* PROVIDED DATA
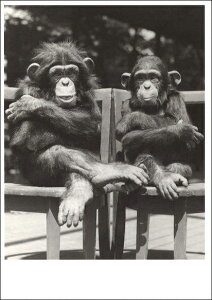 |XgJ[h mNʐ^u2C̉v105×150mm bZ[WJ[h re[W Be[W N㕨(CT9625)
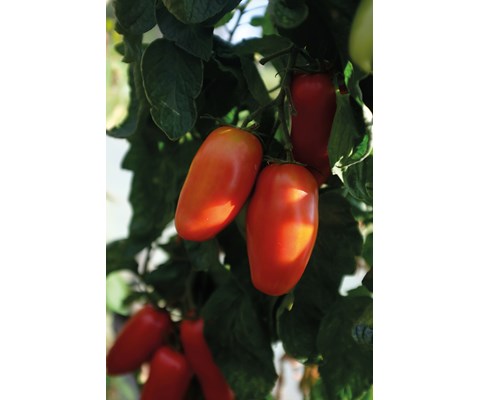 Frø tomat høy Agro økologisk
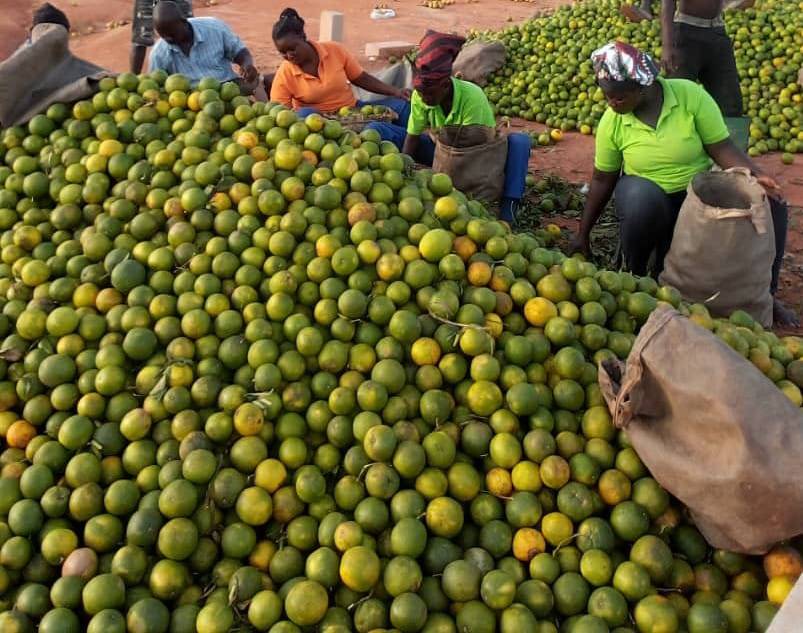 Grandstyle Global citrus peel processing and export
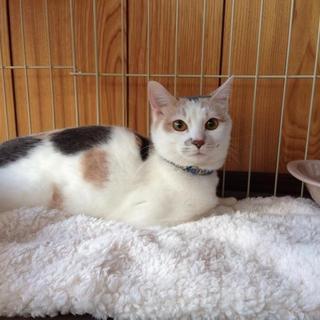 甘えんぼのパステル三毛ちゃんです♪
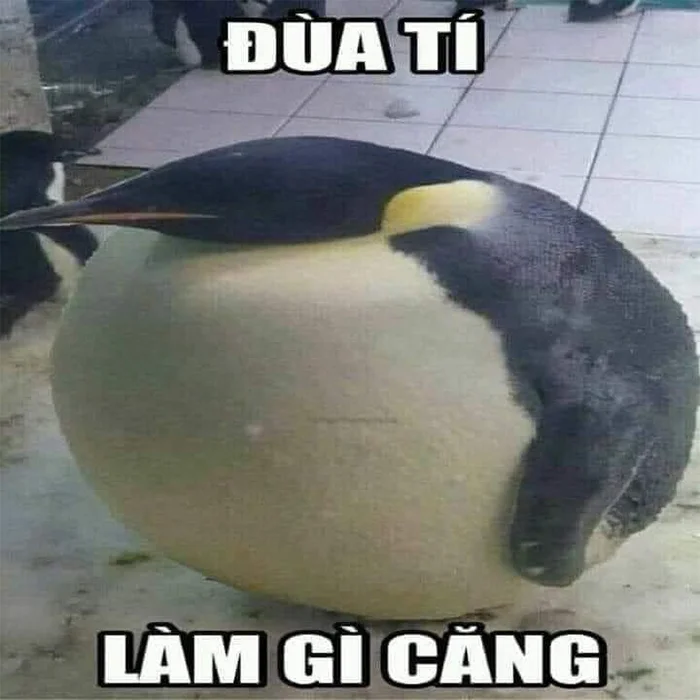 meme chế chim cánh cụt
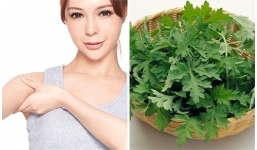 Tự trồng ngải cứu - Cây thuốc quý trong nhà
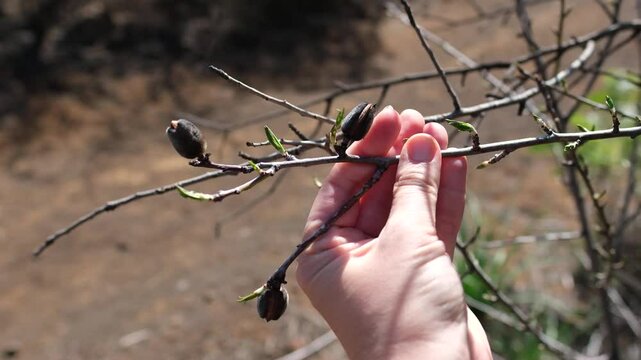 Almond Harvest in Tenerife, 4K Rural Farming Scene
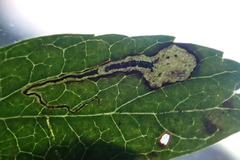 Stigmella hybnerella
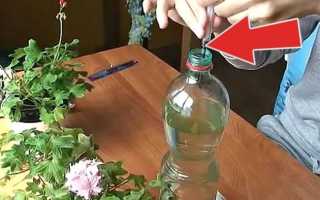 Основные причины, почему не рекомендуется поливать растения холодной водой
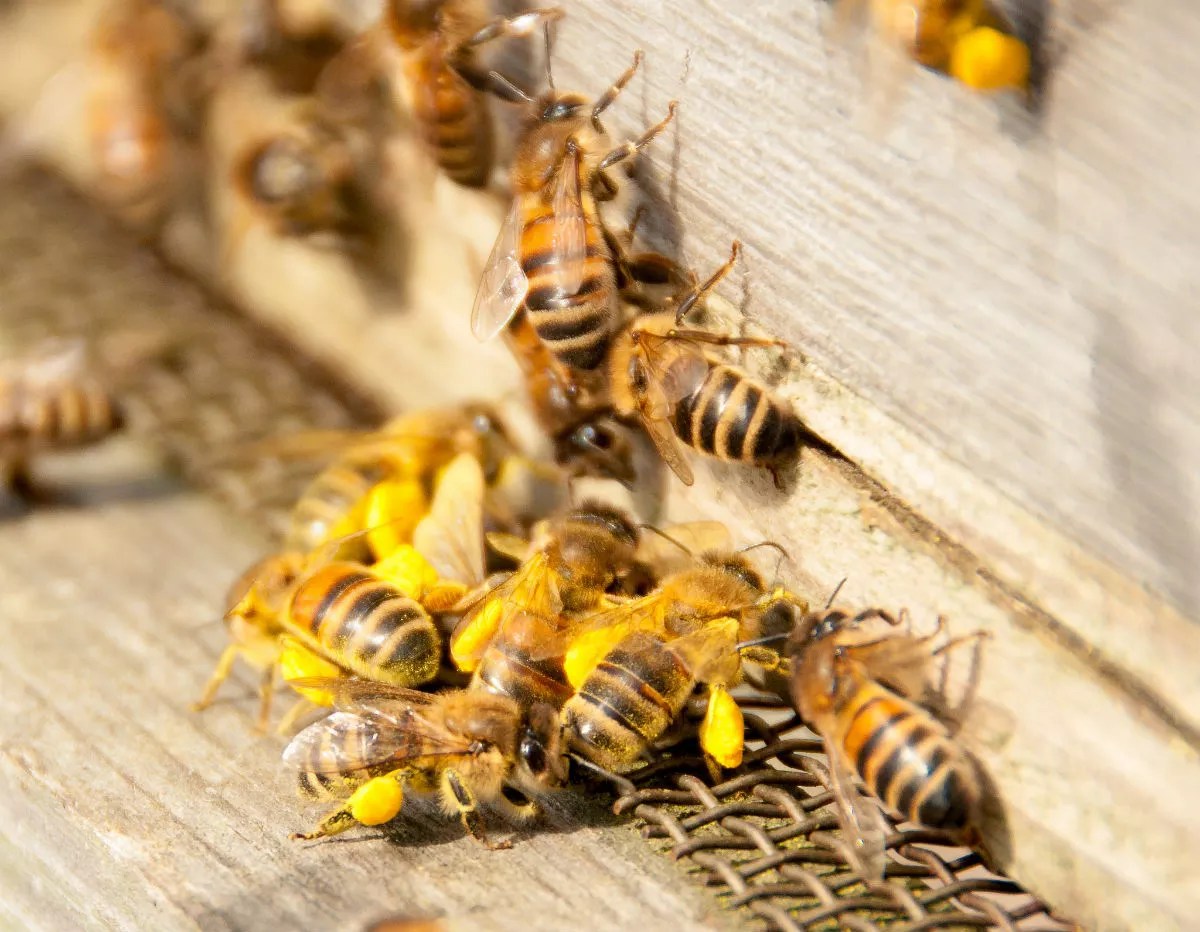 Amid a Nationwide Crisis, Miami’s Honeybees Are on the Ups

* WHAT TO PRODUCE
Be exact. Write out all the entries and omit the pictures.

* TASK OUTPUT
 |XgJ[h mNʐ^u2C̉v105×150mm bZ[WJ[h re[W Be[W N㕨(CT9625)
 Frø tomat høy Agro økologisk
 Grandstyle Global citrus peel processing and export
 甘えんぼのパステル三毛ちゃんです♪
 meme chế chim cánh cụt
 Tự trồng ngải cứu - Cây thuốc quý trong nhà
 Almond Harvest in Tenerife, 4K Rural Farming Scene
 Stigmella hybnerella
 Основные причины, почему не рекомендуется поливать растения холодной водой
 Amid a Nationwide Crisis, Miami’s Honeybees Are on the Ups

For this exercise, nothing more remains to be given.